In Wales, these migrant founders were often Italians. One of the last survivors, Station Cafe in Treorchy had been around for 84 years when it closed in May 2019. Its owner, Dom Balestrazzi, had long been ready for retirement and his children were unwilling to assume it. “It was especially sad for my husband, because he had spent most of his life there,” said his wife, Virginia, who has helped run it for more than 40 years. “But it was also sad for the community at large. We had no idea how strong the feelings were until the last few days when so many came into contact.”
Writer and photographer Adrian Maddox documented many of the country’s archetypal cafes in his 2003 book Classic coffees.
âI became obsessed with a particular type of cafe – the signage, the Formica tables, the menu fonts, the windows, the counters, those giant silver tea urns,â he said. âAnd I spent years documenting them. But as I finished the project, I realized that I had also sounded the death knell.
âMost of the places I photographed have since disappeared – it’s depressing to hear each new closure. “
Another who has chronicled the demise of the traditional cafe is filmmaker Bruce Gill, who made an award-winning documentary about the Caledonian in Huddersfield before it closed just before its 50th anniversary in 2018. It is now a pizzeria.
âYou can’t get full English and a cup of tea for Â£ 4 anymore,â said Gill. âA bit of Huddersfield’s soul was lost.
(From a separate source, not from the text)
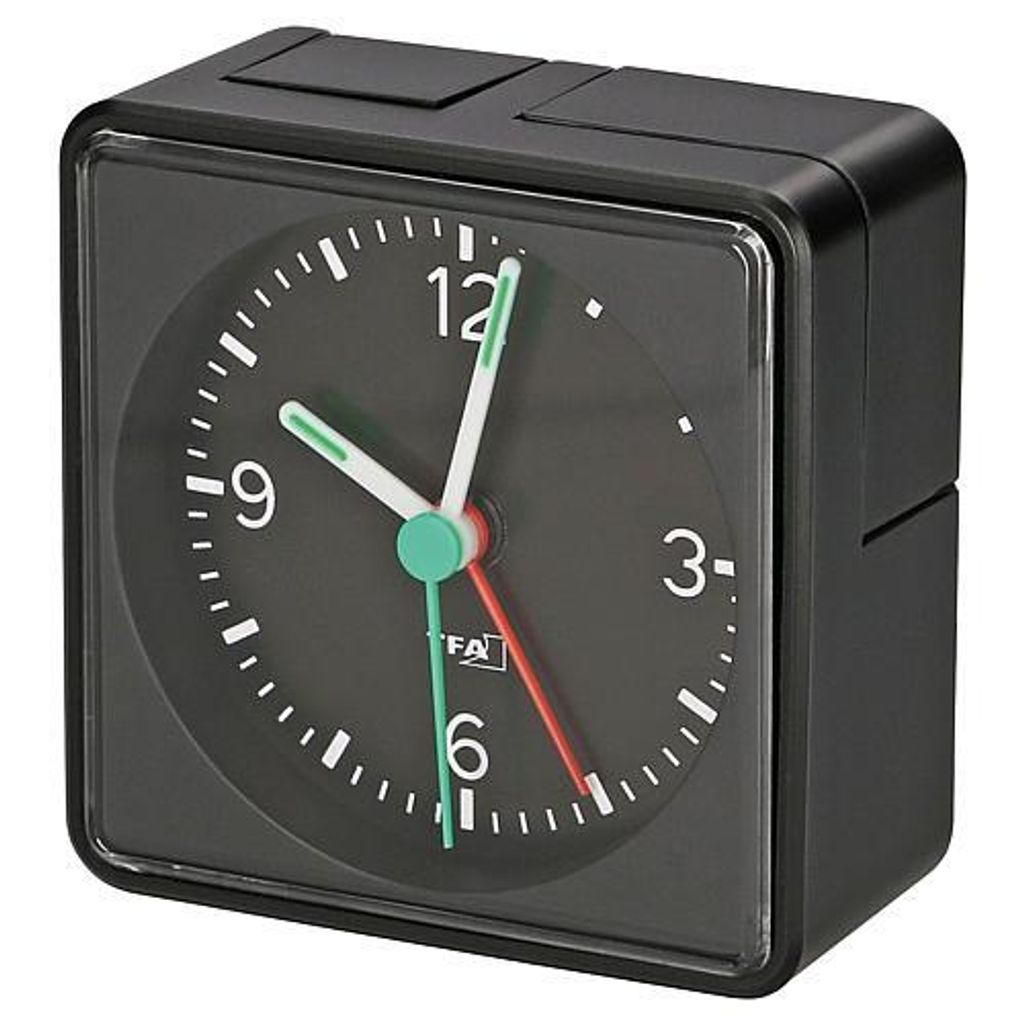 A black TFA electronic alarm clock with a white face and black numbers.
It’s so sad. It was a tremendous asset to the city.
In Margate, Kent, the Dalby had been in place since 1946 but only gained national attention three years ago, when rock star Pete Doherty managed to eat all of his “mega breakfast – a local challenge “. Owner Mark Ezekiel said: ‘We are depressed about Londoners who miss a fry because their premises have closed. But even with big numbers, it’s hard to make money when costs rise, from wages to utilities and ingredients. The best thing that can happen to our business is a reduction in VAT. “
Yet even in this difficult climate, there are signs of hope for the future. The handle listed in Classic coffees who got hooked record a recovery. Places like Pellicci in Bethnal Green, east London, and the Workers cafe in Islington are full of young hipsters. The Pimlico Regency is on âalternative tourismâ trails.
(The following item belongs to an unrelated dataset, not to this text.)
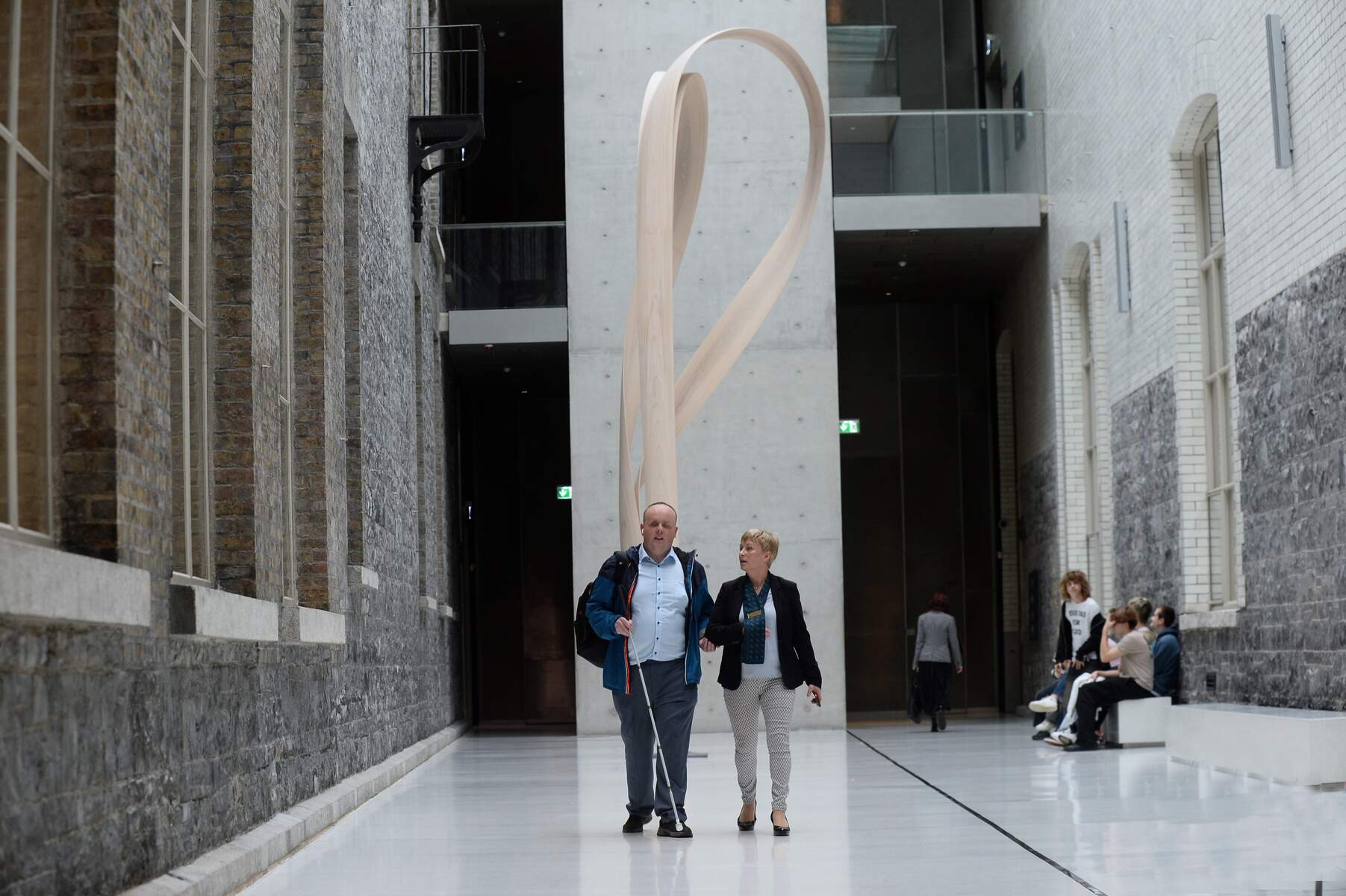 Two people walking through national gallery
There are even new places that are opening up by reusing the coffee tradition. The Breakfast Club, which offers both avocado, eggs and bacon, offers its full English iteration for a sizable Â£ 14 – but there are always queues outside its dozens of branches.
A tip from Jay Rayner: Norman’s in Tufnell Park celebrated its first anniversary last week serving reasonably priced classics like ham, eggs and fries (Â£ 7.00), but with refinements like a menu of wines. Founder Richie Hayes said, âWe grew up eating in these kinds of places and always wanted to open our own cafe serving the classics. We are well.
It was with reluctance that Sam Tezgel decided to close Bonnie’s. But, for him at least, a restyling like Laila, without any trace of greasy spoon, can be more profitable. âPeople don’t want fries anymore,â he said. âSomething had to change.